Start of Block

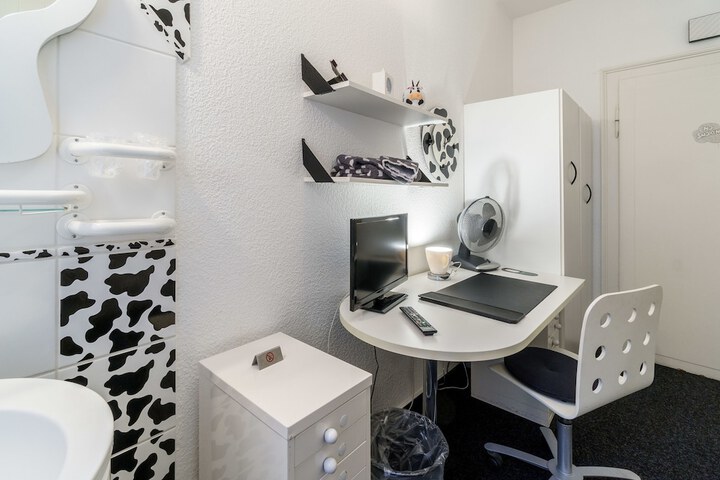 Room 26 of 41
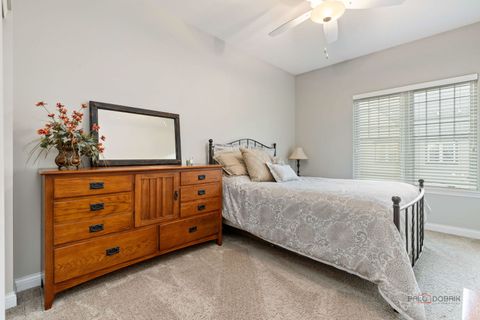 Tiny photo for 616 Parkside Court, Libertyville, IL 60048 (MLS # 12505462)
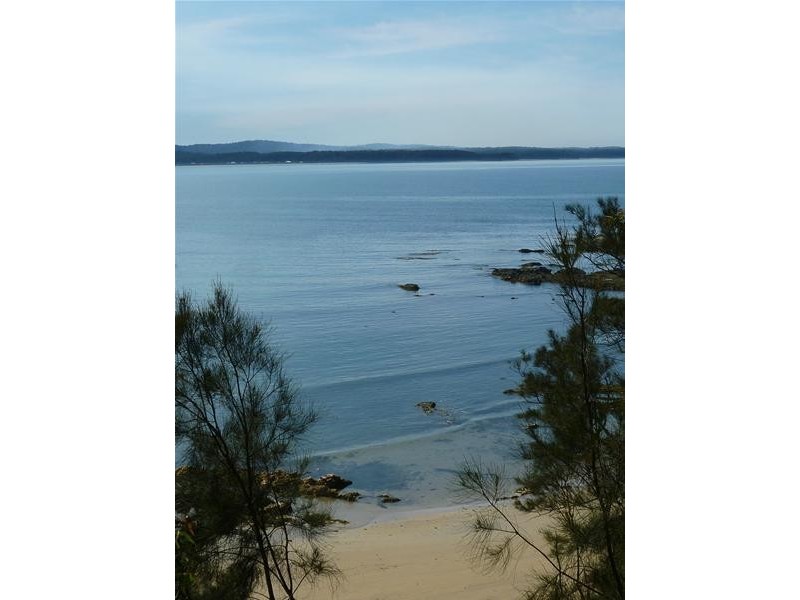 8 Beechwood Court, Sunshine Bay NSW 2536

End of Block
Start of Block

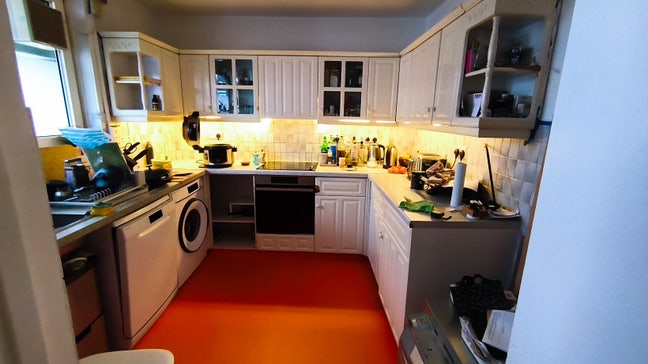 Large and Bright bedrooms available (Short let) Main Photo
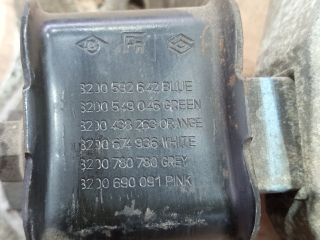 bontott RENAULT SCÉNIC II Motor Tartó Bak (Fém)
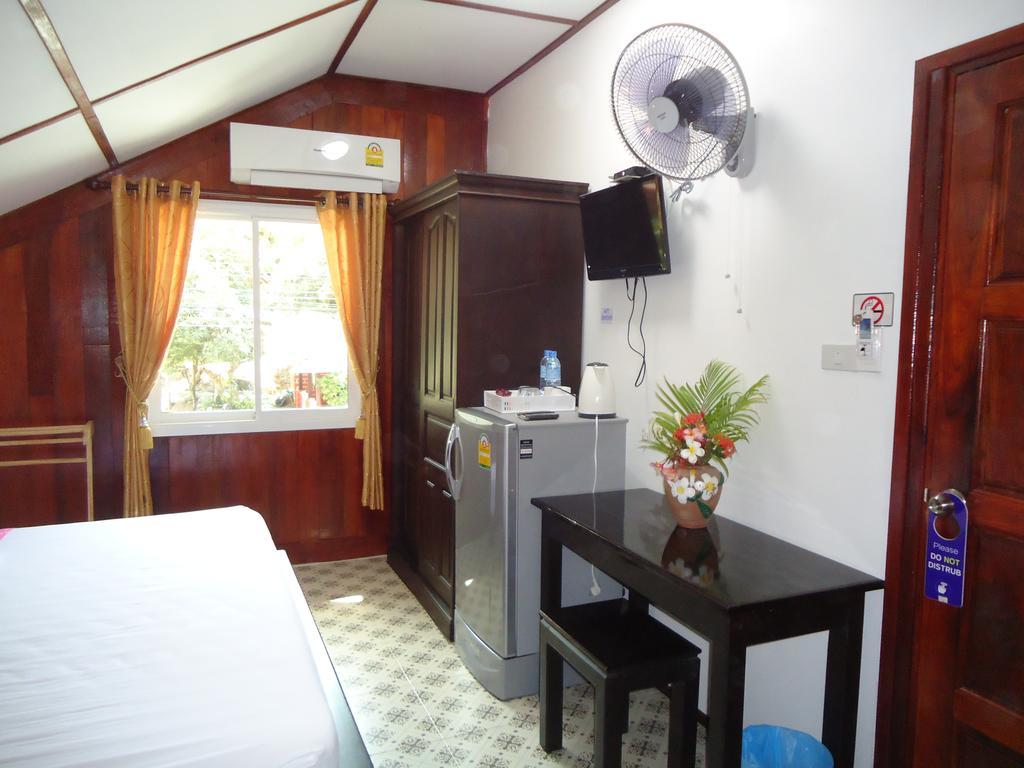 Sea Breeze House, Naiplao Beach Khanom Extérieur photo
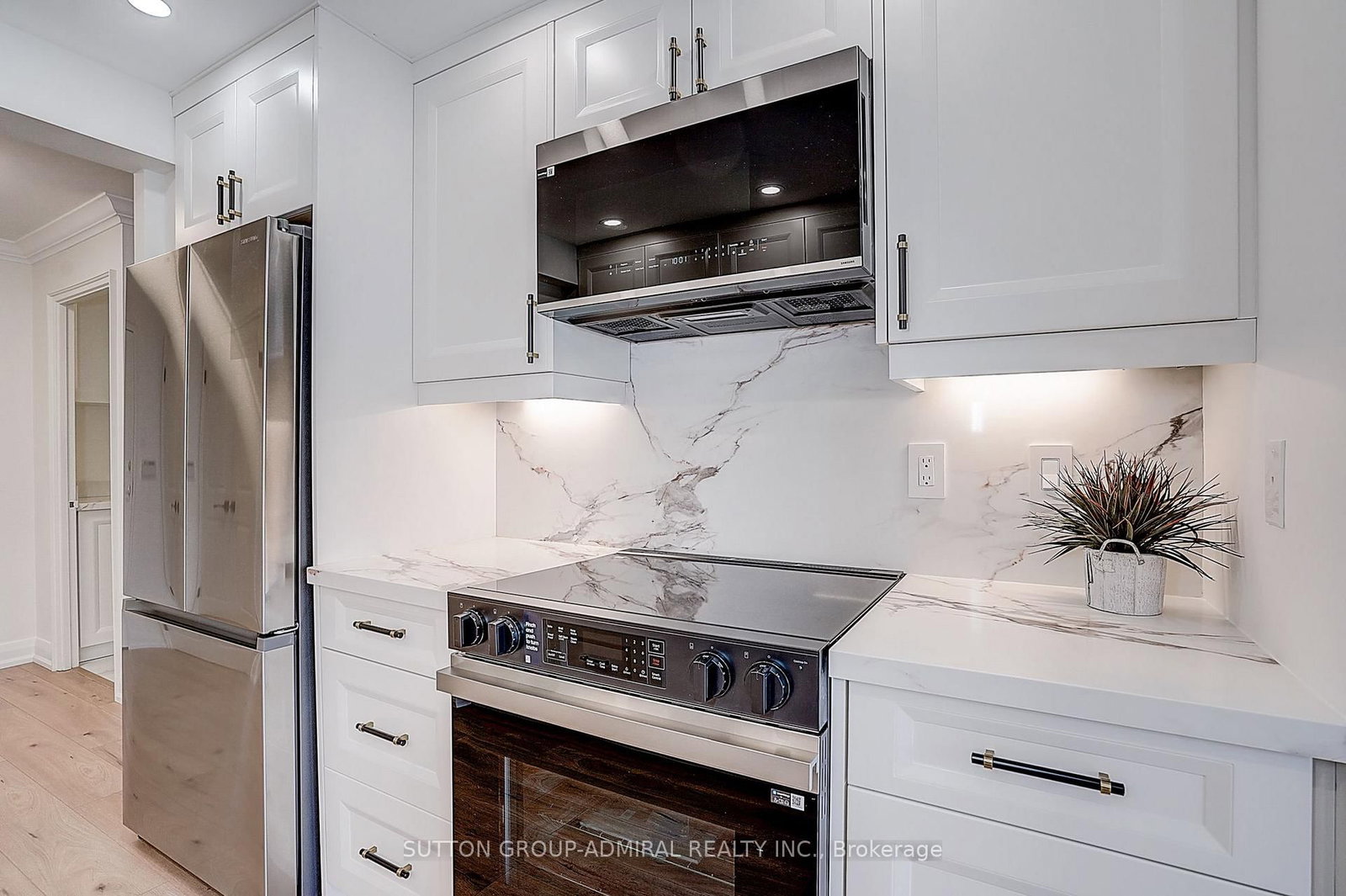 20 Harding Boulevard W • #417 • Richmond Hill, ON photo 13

End of Block
Start of Block

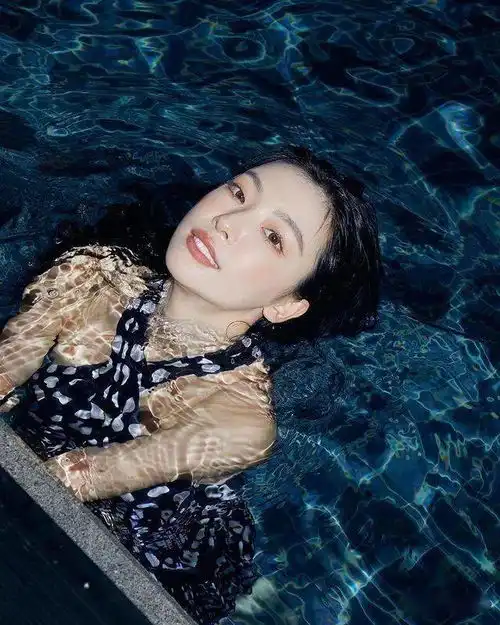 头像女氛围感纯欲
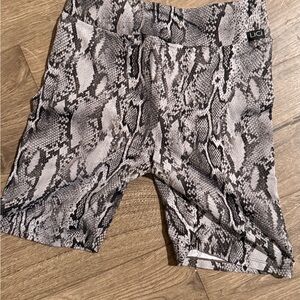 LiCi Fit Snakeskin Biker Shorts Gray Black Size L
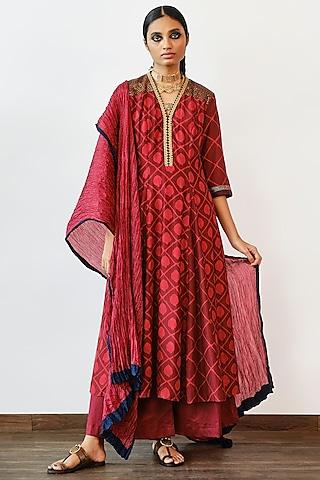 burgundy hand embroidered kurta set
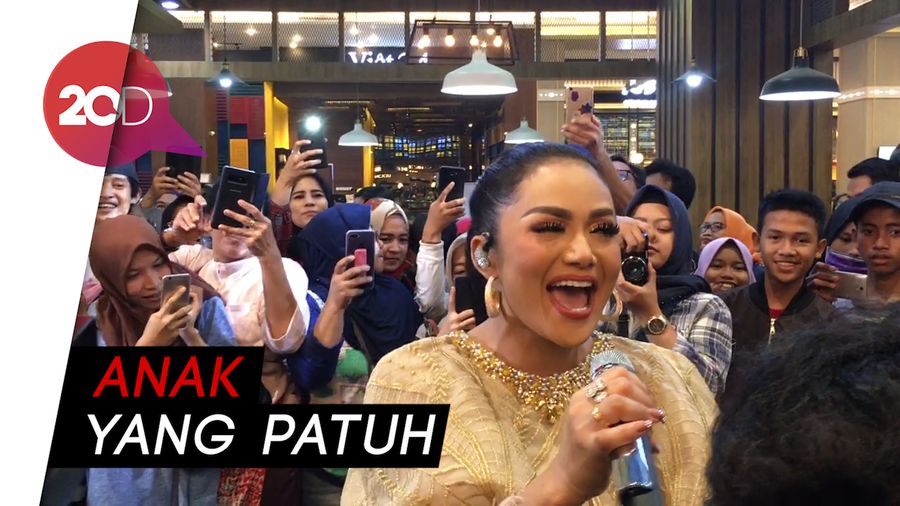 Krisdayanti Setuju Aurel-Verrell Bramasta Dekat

End of Block

**WHAT TO PRODUCE**.
Only the lines above from the one with "Room 26 of 41" to the one with "8 Beechwood Court, Sunshine Bay NSW 2536" should be printed, both included and exactly as written; no picture belongs in the copy.

**SOLUTION FOR THIS EXERCISE**.
 Room 26 of 41
 Tiny photo for 616 Parkside Court, Libertyville, IL 60048 (MLS # 12505462)
 8 Beechwood Court, Sunshine Bay NSW 2536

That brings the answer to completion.